TV Bandeirantes Minas (ZYQ 808)
- Belo Horizonte, Minas Gerais; Brazil;
- Channels: Digital: 20 (UHF); Virtual: 7;
- Branding: Band Minas

Programming
- Affiliations: Rede Bandeirantes

Ownership
- Owner: Grupo Bandeirantes de Comunicação; (Rádio e Televisão Bandeirantes de Minas Gerais Ltda.);
- Sister stations: BandNews FM Belo Horizonte

History
- First air date: March 2, 1967
- Former call signs: ZYA 720 (1967-2017)
- Former names: TV Vila Rica (1967-1975)
- Former channel numbers: Analog: 7 (VHF, 1967-2017)
- Former affiliations: TV Excelsior (1967-1970)

Technical information
- Licensing authority: ANATEL
- ERP: 15 kW
- Transmitter coordinates: 19°58′15.7″S 43°55′46″W﻿ / ﻿19.971028°S 43.92944°W

Links
- Public license information: Profile
- Website: band.com.br/minas-gerais

= Band Minas =

TV Bandeirantes Minas (channel 7, also known as Band Minas) is a Brazilian television station based in Belo Horizonte, capital of the state of Minas Gerais, carrying Rede Bandeirantes for most of the state. It was founded in 1967 as TV Vila Rica, being acquired by Grupo Bandeirantes de Comunicação in 1975. It covers most of the state, together with its co-sister Band Triângulo, located in Uberaba. Its studios are in the São Bento neighborhood, in the southern region of the capital of Minas Gerais, and its transmission antenna is in Serra do Curral, in Belvedere.

==History==
TV Vila Rica was opened on March 2, 1967, based on a concession offered to Banco Real, with Simonsen receiving a part of the shares. Initially, it was affiliated with TV Excelsior, operating on channel 7 VHF, being part of the project to create a national network. However, due to several financial problems, in addition to troubled relations with the military government, Excelsior was taken off the air on September 30, 1970. With the network's extinction, TV Vila Rica began broadcasting TV Bandeirantes programming. On December 7, 1975, in the process of forming Rede Bandeirantes, TV Vila Rica was acquired by the São Paulo station, changing its name to TV Bandeirantes Minas in 1976.

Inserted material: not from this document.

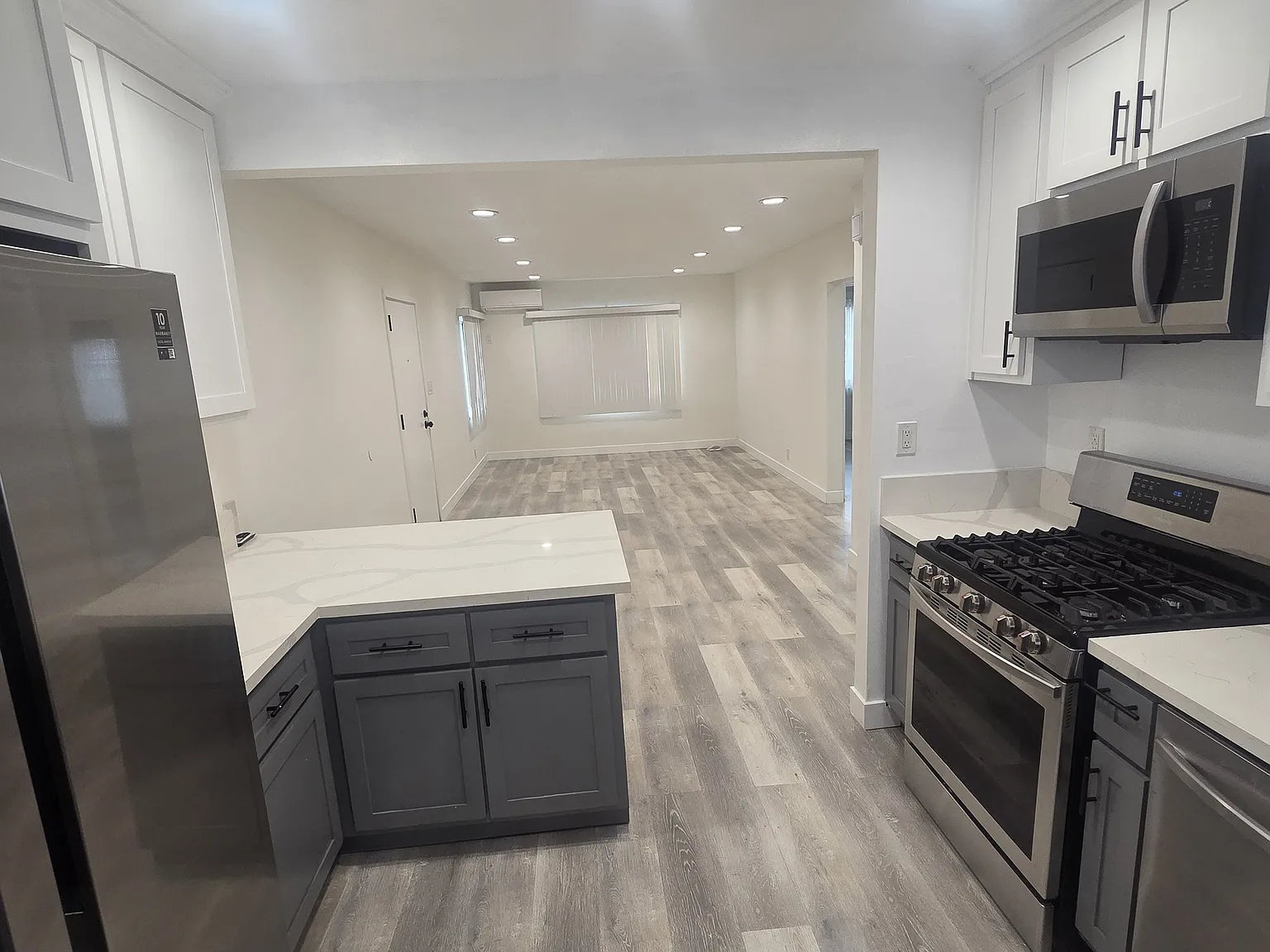 3 bed, 1000 sqft, $3,500 — Photo 4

The station airs approximately 16 hours of local programming per week. There is also Band Triângulo in the state, the second television station belonging to Grupo Bandeirantes de Comunicação, which broadcasts the group's programming to Triângulo Mineiro and Alto Paranaíba. Previously, in 2008, the region received programming from Band Minas, based in Belo Horizonte. With the creation of Band Triângulo, it took over the antennas previously occupied by Band Minas in the region, consolidating the presence of Grupo Bandeirantes in this specific area.

This redistribution strengthened the offer of diverse and relevant television content for the public in Triângulo Mineiro and Alto Paranaíba.

==Technical information==

| Virtual channel | Digital channel | Screen | Content |
|---|---|---|---|
| 7.1 | 20 UHF | 1080i | Band Minas/Band's main schedule |

Based on the federal decree transitioning Brazilian TV stations from analogue to digital signals, Band Minas, as well as other stations in Belo Horizonte, ceased broadcasting on channel 7 VHF on November 22, 2017, following the official ANATEL roadmap. The signal was cut off at 11:59 pm, during the Cine Band film session, being replaced by a slide from MCTIC and ANATEL about the switch-off.